# EXERCISE OBJECTIVE:
The copy has to match the data exactly and leave out every picture.

# RECORDS SUPPLIED:
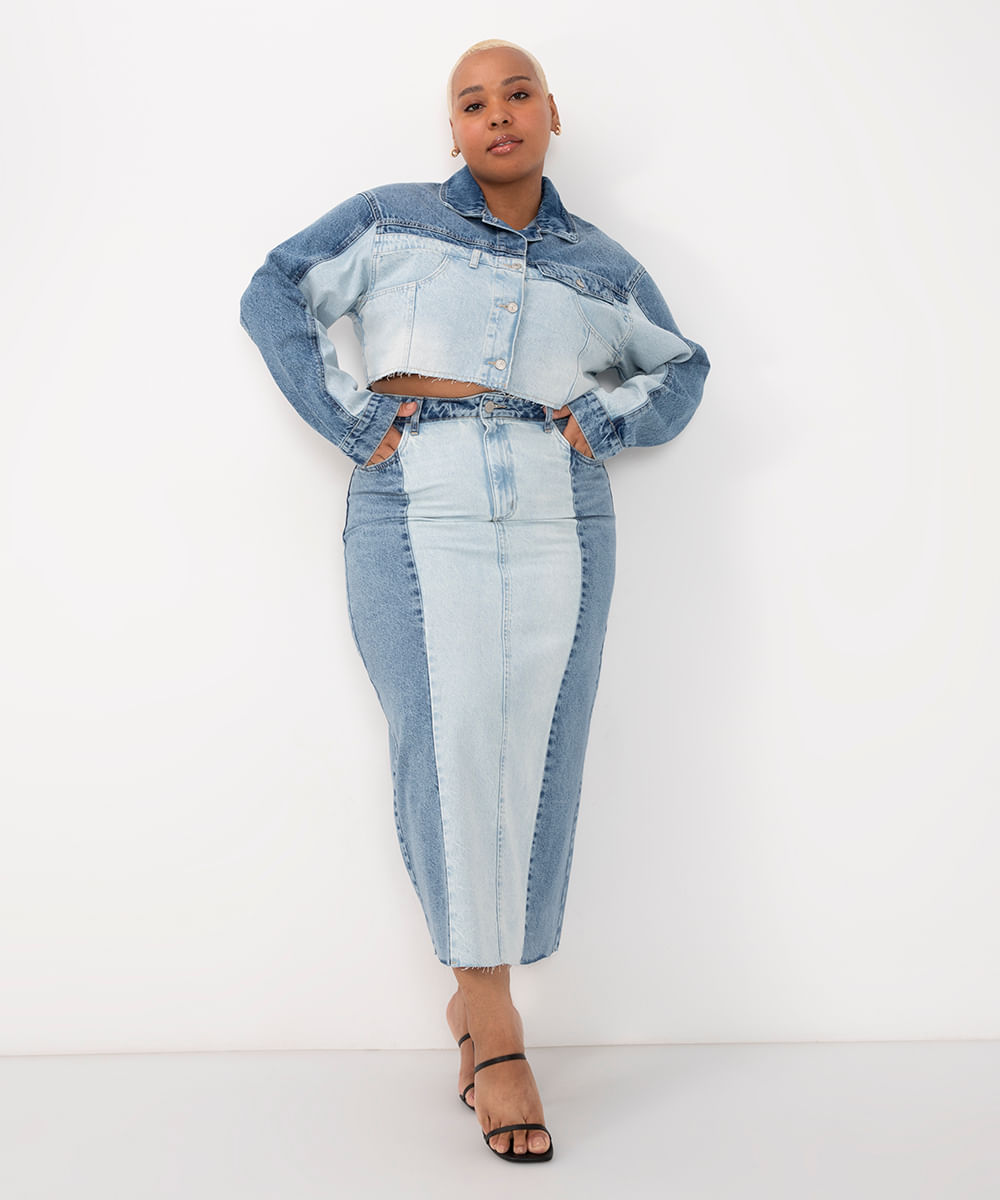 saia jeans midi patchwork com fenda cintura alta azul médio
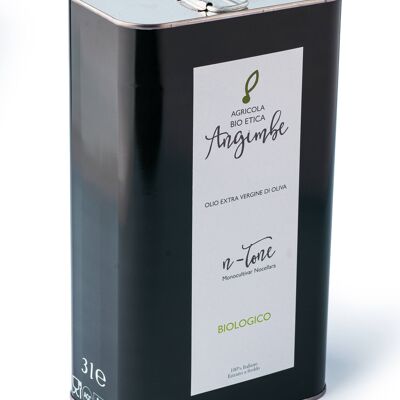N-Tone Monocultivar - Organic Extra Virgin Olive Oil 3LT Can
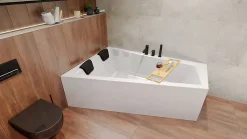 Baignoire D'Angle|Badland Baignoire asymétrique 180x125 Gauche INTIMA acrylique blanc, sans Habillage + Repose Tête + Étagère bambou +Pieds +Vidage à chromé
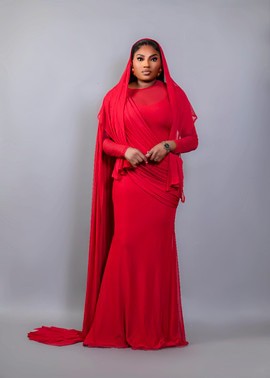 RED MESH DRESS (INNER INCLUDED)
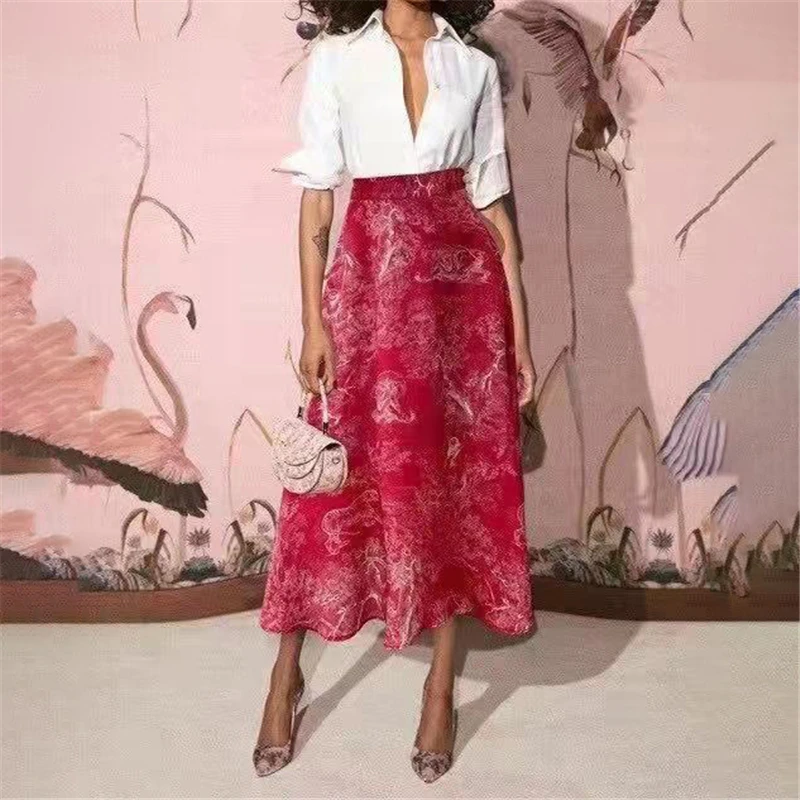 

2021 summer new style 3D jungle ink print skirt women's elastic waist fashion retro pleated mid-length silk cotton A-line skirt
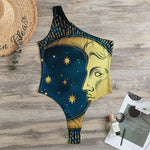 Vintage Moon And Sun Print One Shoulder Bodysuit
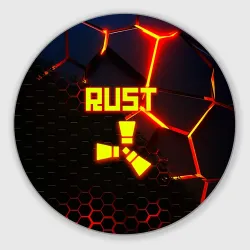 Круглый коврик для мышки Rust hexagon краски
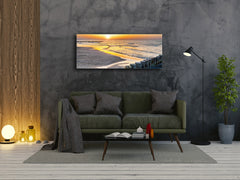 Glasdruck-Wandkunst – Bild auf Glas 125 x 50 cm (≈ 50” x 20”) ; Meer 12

# EXERCISE OUTPUT:
 saia jeans midi patchwork com fenda cintura alta azul médio
N-Tone Monocultivar - Organic Extra Virgin Olive Oil 3LT Can
 Baignoire D'Angle|Badland Baignoire asymétrique 180x125 Gauche INTIMA acrylique blanc, sans Habillage + Repose Tête + Étagère bambou +Pieds +Vidage à chromé
 RED MESH DRESS (INNER INCLUDED)

2021 summer new style 3D jungle ink print skirt women's elastic waist fashion retro pleated mid-length silk cotton A-line skirt
 Vintage Moon And Sun Print One Shoulder Bodysuit
 Круглый коврик для мышки Rust hexagon краски
 Glasdruck-Wandkunst – Bild auf Glas 125 x 50 cm (≈ 50” x 20”) ; Meer 12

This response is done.